Opinion
CIVIL ACTION NO. 07-3324.
December 11, 2007
MEMORANDUM AND ORDER
Defendants seek dismissal of plaintiff's complaint pursuant to Federal Rule of Civil Procedure 12(b)(6) because plaintiff failed to exhaust his administrative remedies, and is not entitled to back pay. For the following reasons, defendants' motion is denied.
I. BACKGROUND
On October 27, 2006, Plaintiff Robert Casey filed a formal Equal Employment Opportunity ("EEO") complaint, which was decided by the Treasury Department's Office of Equal Opportunity and Diversity ("OEOD") on July 9, 2007. The OEOD found the defendants failed to meet its obligations under the Rehabilitation Act, 29 U.S.C. § 701 et seq., and failed to provide a reasonable accommodation. The OEOD ordered the defendants to pay plaintiff compensatory damages and attorney fees upon his application, to rescind his termination, place him on leave without pay, offer him a vacant employment position, if one exists, and consider his request for a reasonable accommodation. The OEOD did not order payment of back pay.

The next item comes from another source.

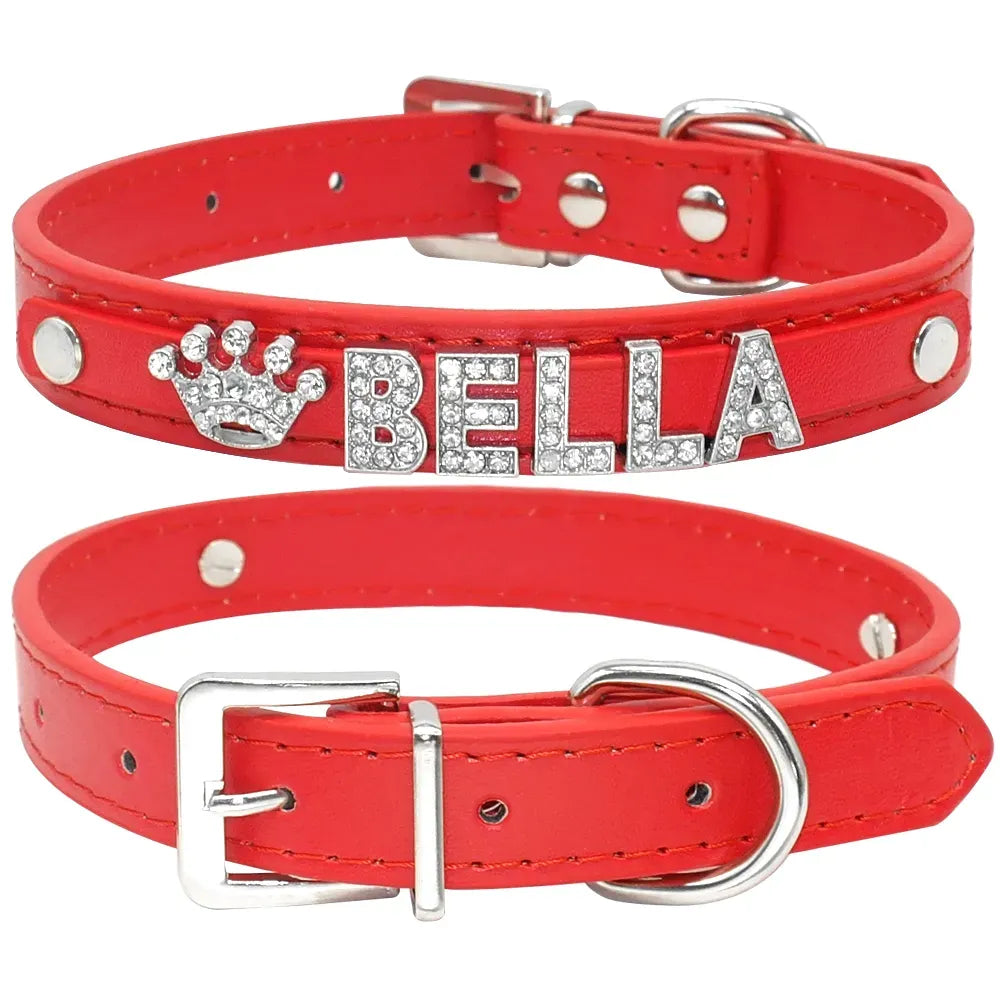 Collier Chat Strass Personnalisable - Rouge / L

On July 16, 2007, plaintiff requested the OEOD reconsider its decision on back pay. See Letter from David Berman, Counsel for Plaintiff, to Mariam Harvey, Director, OEOD (July 16, 2007). The OEOD responded it would not reconsider its decision on back pay because "no evidence show[ed] he was able to work in any capacity when he was terminated." Letter from Mariam Harvey, Director, OEOD, to David Berman, Counsel for Plaintiff (July 18, 2007) [hereinafter Letter, July 18].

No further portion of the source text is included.